• saw038
    69
    Are we on the verge of World War 3?
    Russia and the United States have been doing a proxy war in Syria for many years.
    Russia backs Assad and America backs the 'moderate' rebels.

    Yesterday, America bombed the Syrian army and killed 62 while injuring 100.

    It was apparently a mistake. But this also comes 5 days into the American-Russian peace treaty.

    There is a lot in this situation and it is very complex.
    1. Who believes that we are on the verge of a massive paradigm shift? (7 votes)
        Yes, there is something significant going on.
        29%
        No, there is nothing that is different than anything else in history.
        71%
  • kenhinds
    16
    my true question on this is kinda simple, yet seen as complex. What you are speaking, is it truth or what the media has told you?
  • saw038
    69
    I mean of course it has been interpreted through some means of media, but I try and inform myself through non-mainstream sources. And this story was portrayed on both platforms. So, I believe this to be true.
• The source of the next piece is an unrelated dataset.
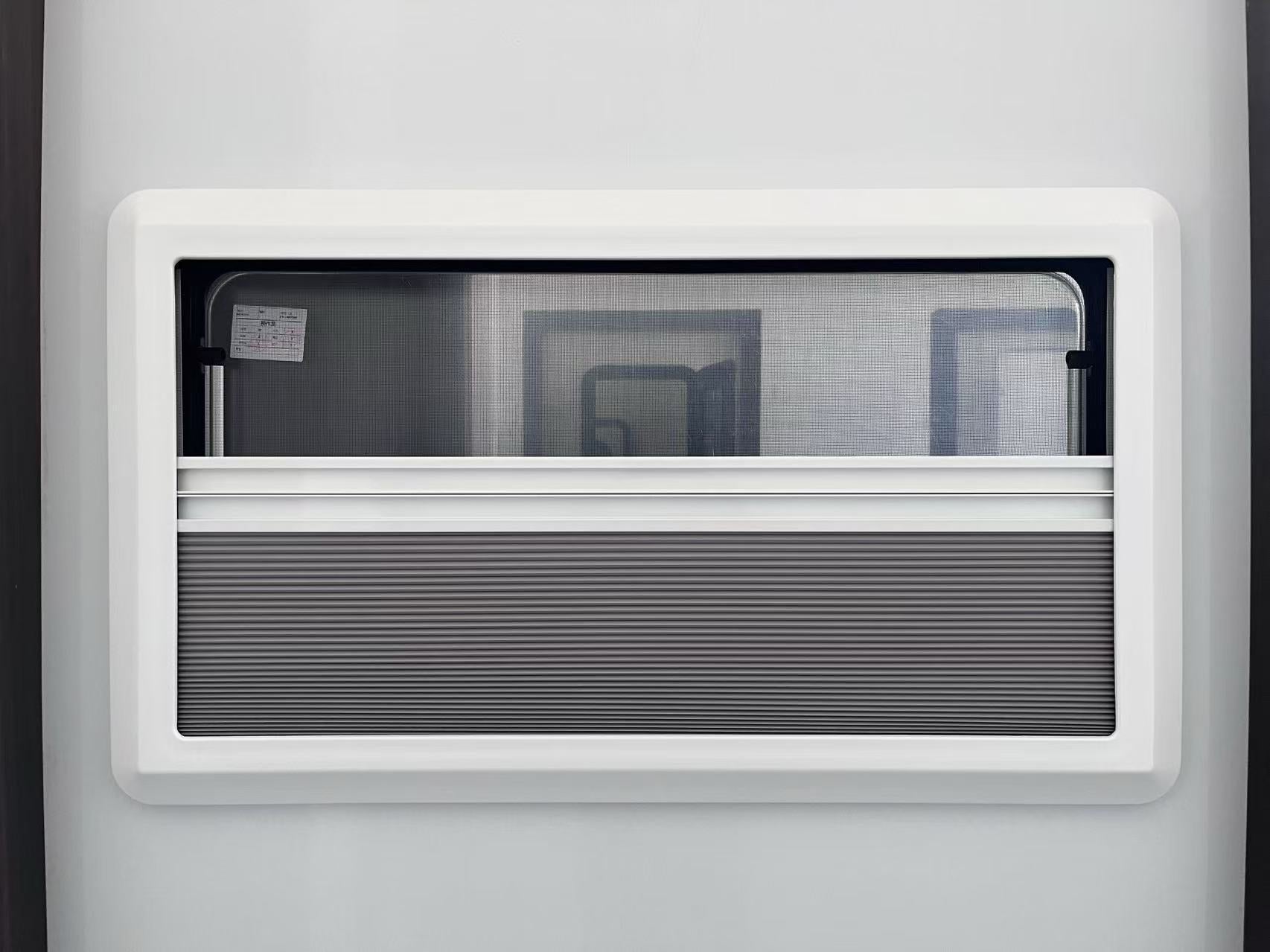 Premium RV Window – One-Piece Frame with Double-Layer Acrylic Glass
    What do you think about the state of the world and the state of the Middle East?
  • kenhinds
    16
    wow great question/response.(and also apologize for non use of grammar). I heard a topic or video that hit me hard the other day, referring to the middle east and possibly refferring to almost anything pertaining to this. If you look at any american movie or story it always depicts a certain idealogical value. Alamo/Braveheart/Avatar...... It is always about the un-understood/minority fighting against the majority. Now dont get me wrong, I am a total non liberal right wing conservative. But the difference with me and the others is maybe a simple ideal. I believe that the idea of socialism and liberalism and whatever the term is nowadays is correct idea. But i am also smart enough to understand as a human society we are not ready and able to use that idea
  • saw038
    69
    I truly respect your passion for uncovering the truth. We live in an age where information is in an abundance, but with that, critical thinking becomes the primary means of interpretation.

    I by no means assert that I have all the answer. I truly do not. I have come to this forum to question other like minded people to help me further my knowledge. I do not know if that is selfish intent or not, but I want to know the truth of the word. I believe everyone has something to offer if you integrate it with an open mind.

    I also believe that though in the past there were many admirable individuals who defended of freedoms ( I have relatives who fought in the Alamo). But, with that being said we live in a new world and I think critical thinking and unity under one cause is what will change the course of history.

    No matter the race, religion, or nationality, we are humans; we are a species an we need to unite and set aside our man-made differences in order to confront the powers that explicitly an implicitly control our lives.
  • kenhinds
    16
    saw038 I love everything you have said. Do you honestly think as a human race that we have in essence evolved to a point of where we can not be racist or have the notion of hate?
  • saw038
    69
    This is a tough question, while my optimistic side wants to believe that the world has far surpassed these primitive tenacities.

    The police violence in the United States seems to paint a different story; furthermore, I grew up in a small rural country town. I saw first hand the racial discrimination between classes.

    I think there is a class that has much and a class that has little. If I could have all the power I needed, I would like to bridge the gap.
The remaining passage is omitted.